Are you sure you want to repaint the 259? It doesn't look too bad, and there is something to be said for original finish.

If you do opt to repaint, strip thoroughly first, of course. I've used Krylon primer and Krlyon topcoat with good success. Most tinplate had a gloss finish. That said, the Krylon satin (midway between flat and gloss) has quite the sheen ...nearly as much as the gloss. So, consider either the satin or the gloss.

The copper will polish nicely via a Dremel stainless steel brush. I topcoat with a brush-on coat of airplane dope.

Enjoy!

TJ


----------



## SoShoresGuy (Jan 23, 2013)

Okay, Now I understand what you are talking about the Loctite. Thanks.

Since the paint on the 259 looks very good for being about 80 years old I'll probably hesitate on re-painting it. I'll first try to polish the copper and brass stuff first. I don't think at this time that the shell needs a new "dress". I picked up a couple of Dremel stainless wire wheels at wally-world today to work on the copper and brass. Hopefully that will be the limit of exterior restoration. I guess that I should use some Testors clear dope on the copper? When I was drafted in the Army they gave us brass buckles and other brass stuff. They wanted us to clean off the lacquer coating with Brasso. It made no sense to me since the lacquer coating kept the brass from getting green, but I guess the DIs needed something to keep us busy. 

Thanks for your concerns. Keep it coming.


----------



## tjcruiser (Jan 10, 2010)

OK ... you asked for it! ...

Once you remove the motor, driverods, etc., you can ...

The smokestack and rear dome can be removed easily ... bend the tabs gently, but you shouldn't have a problem. Once removed, you can Dremel-brush the finish shiny. If you want to go further, buff them to a polished finish using a buffing wheel and some polishing compound. Be careful not to "catch" or bend the tabs further in the process. Finish with dope or other clear finish thereafter.
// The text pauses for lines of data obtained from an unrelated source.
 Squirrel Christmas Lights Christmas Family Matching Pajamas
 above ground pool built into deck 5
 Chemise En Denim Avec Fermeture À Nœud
The middle dome might take a little extra care to remove ... the tabs are in close proximity to where the "sandpipes" poke through the shell.

Alternatively, you can slip some wax paper under the edge of the dome, and try to polish it in place, without damaging the black shell in the process. Trickier / more risk here, in my opinion.
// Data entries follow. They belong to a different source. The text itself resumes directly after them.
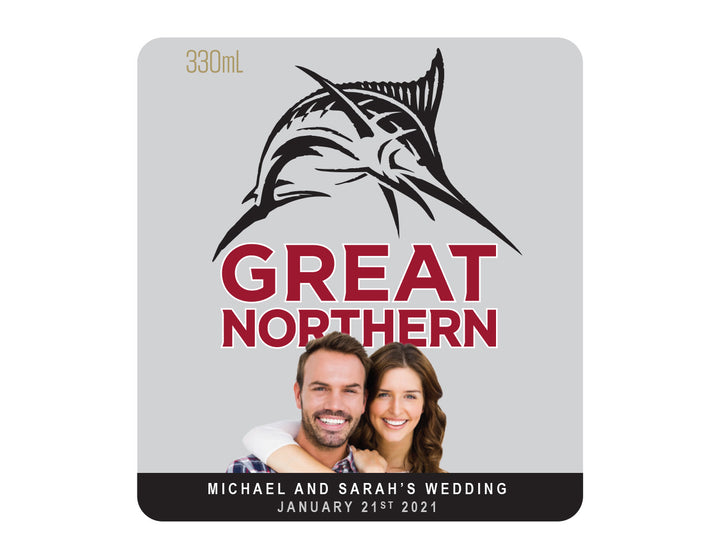 GREAT NORTHERN SUPER CRISP 6 x 330ml Picture Label (beer not included)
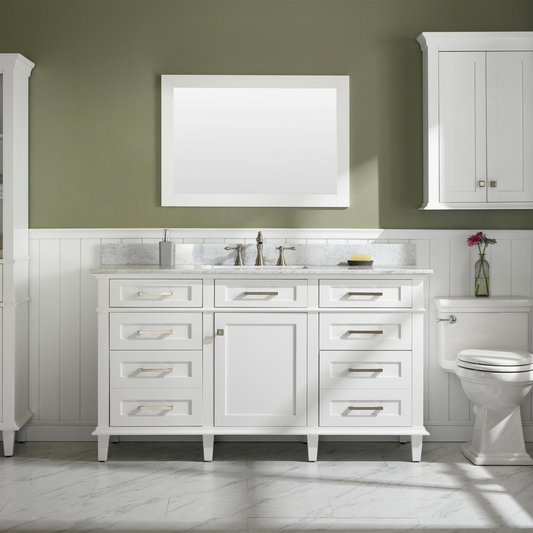 Legion Furniture 60" White Single Sink Bathroom Vanity with Carrara White Top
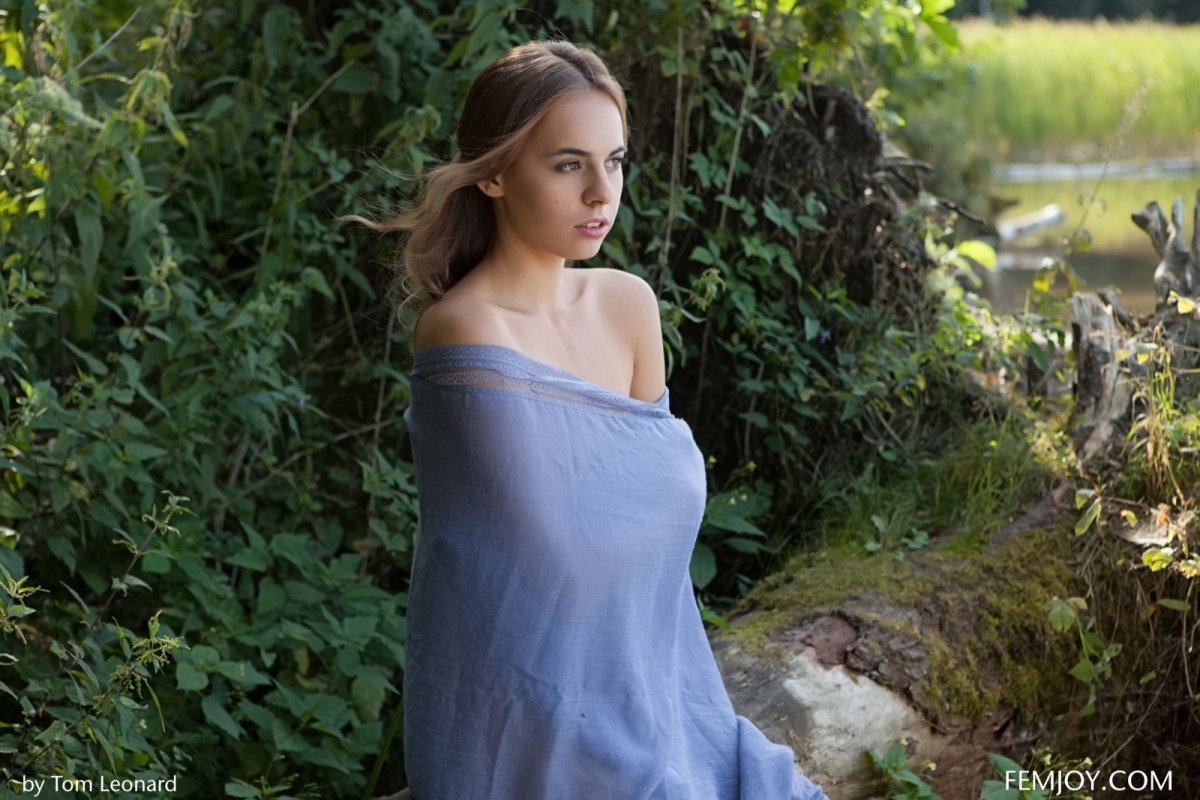 A skinny woman without clothes was beautifully naked near...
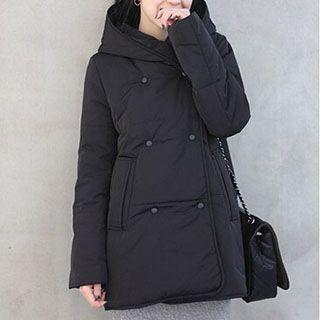 Double Breasted Hooded Down Coat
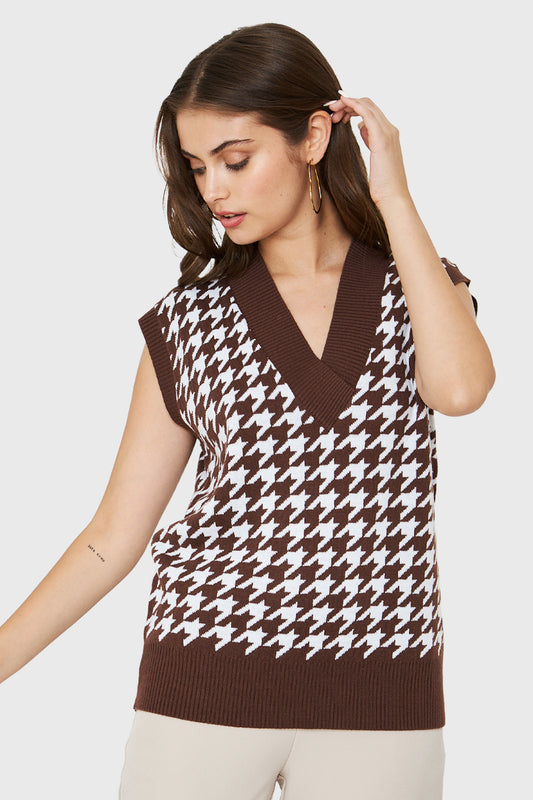 Chaleco Pied De Poule Café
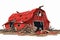 destroyed barn demolished building vector flat isolated illustration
The boiler front comes off easily ... one screw on the bottom, then lift out/up to disengage the tab on top. You can remove / polish / clearcoat the two copper marker lights, too. They should have a colored clear "lens" inside each.

I'd leave the center headlamp casting in place on the boiler front. It's cast metal (zinc?). You can brush on a fresh coat of paint, but be careful not to get any on the boiler front itself, of course. If it's not too bad as found, maybe just clean it.
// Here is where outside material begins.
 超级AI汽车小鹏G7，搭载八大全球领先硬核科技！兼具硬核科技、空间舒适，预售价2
Remove the handrails by pinching the stanchion cleat tabs together on the inside. Start at the front, and work your way back to the cab. Once removed, try to straighten the stanchions (tabs especially) as much as possible with an unknurled needle nose pliers. Polish up the stanchions with a quick Dremel brush ... no need to clearcoat these afterwards ... I think they're nickel or stainless, and should hold their shine. Polish up the handrail by rubbing it back/forth with a ScotchBrite pad. I usually clearcoat these with a spray lacquer ... not too thick, though ... you want to be able to get the stanchions back on, afterwards. You can spread the stanchions open a bit with a thin flathead screwdriver to help get them back on the handrail.

The sandpipes that run from the front dome to the frame are tricky ... you may or may not be able to remove these for polish ... it depends on how the top of the metal rod is bent inside the shell. Be careful about unbending it for removal ... the metal of the rod is brittle, and it could easily break. Perhaps something to leave in place, maybe.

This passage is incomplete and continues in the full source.